CMIP6 Model-Projected Future Changes in Extreme Precipitation over Central Asia in the 21st Century

doi: 10.3878/j.issn.1006-9585.2022.22021
Funds:  National Key Research and Development Program of China (Grant 2020YFA0608904), National Natural Science Foundation of China (Grants 41975115 and 42205032), Natural Science Foundation of Shaanxi Province (Grant 2021JQ-166)
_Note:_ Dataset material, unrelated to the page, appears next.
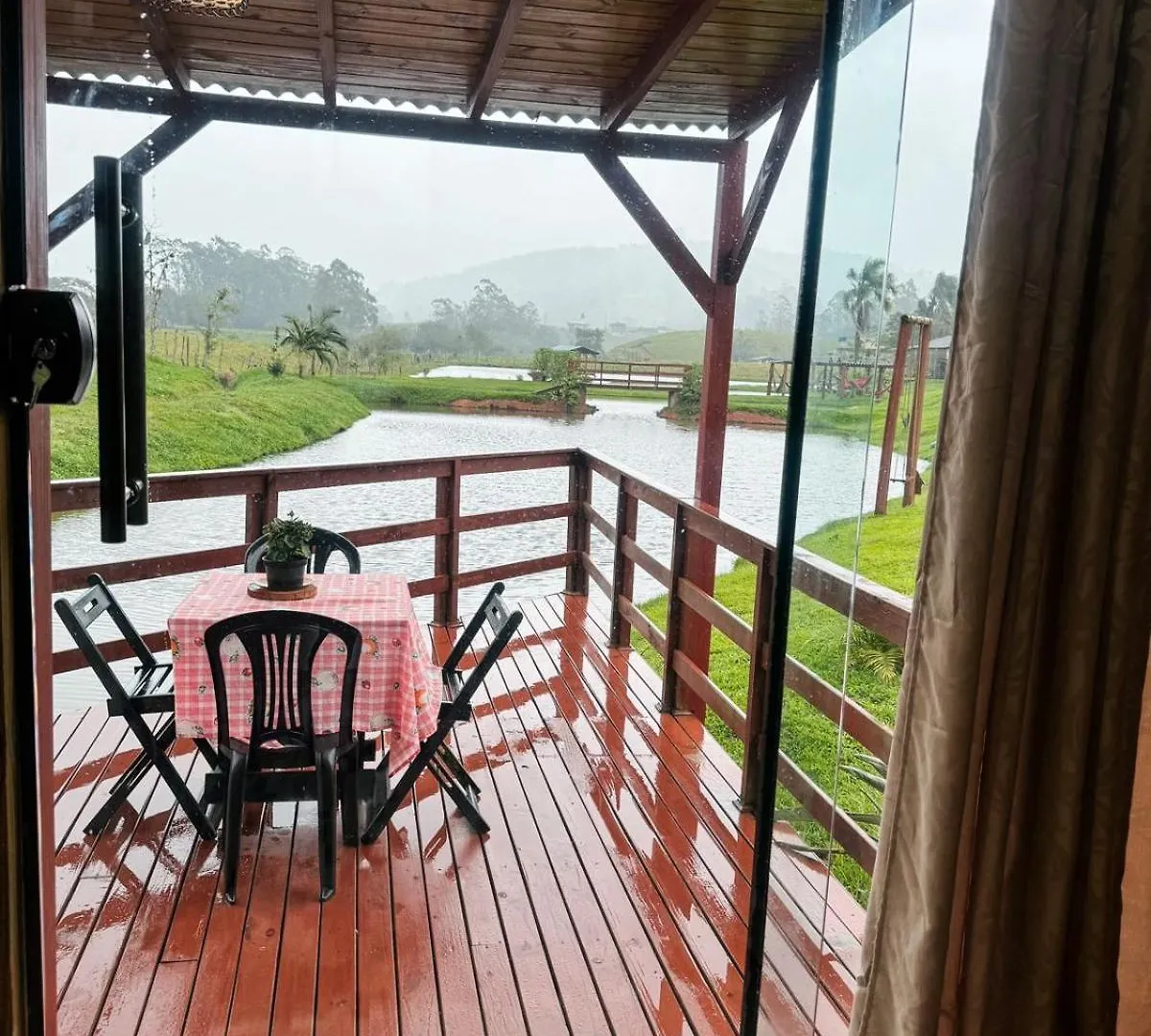 Chalet Villa Chale Rustico Com Hidromassagem E Piscina à Imarui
  • Received Date: 2022-02-14
  • Accepted Date: 2022-08-05
  • Available Online: 2022-08-18
  • Publish Date: 2023-05-25
  • Based on the numerical simulations provided by the latest 14 coupled models of the sixth phase of the coupled model intercomparison project (CMIP6), the spatial and temporal distribution characteristics of extreme precipitation over Central Asia (CA) and its relationship with regional climate warming in the middle and late 21st century under two shared socioeconomic paths (SSP2-4.5 and SSP5-8.5) are analyzed in this study. The results show that most CMIP6 models can essentially simulate the spatial distribution characteristics of observed precipitation climate states from 1979–2018. However, the model simulations underestimate the observations in the southwest and southeast of CA and overestimate the observations in northern and southern CA. Compared with the historical period (1981–2010), the precipitation intensity at the end of the 21st century (2071–2100) increased by 0.54 mm/10 a and 2.4 mm/10 a under the scenarios of SSP2-4.5 and SSP5-8.5, respectively, while the frequency of extreme precipitation events increased by 5%–7% and 6%–10%, respectively, particularly in the high-altitude mountains in central and southern regions. The signal-to-noise ratio of the predicted precipitation intensity and frequency in northeast CA to the north of the Tianshan Mountains is more reliable. Climate warming will have an obvious regulatory effect on the frequency of extreme precipitation events in CA. Under the scenarios of SSP2-4.5 and SSP5-8.5, a temperature increase of 1 K increased the frequency of extremely heavy precipitation events by approximately 7 and 9 days and the maximum continuous dry days by approximately 3 and 6 days, respectively.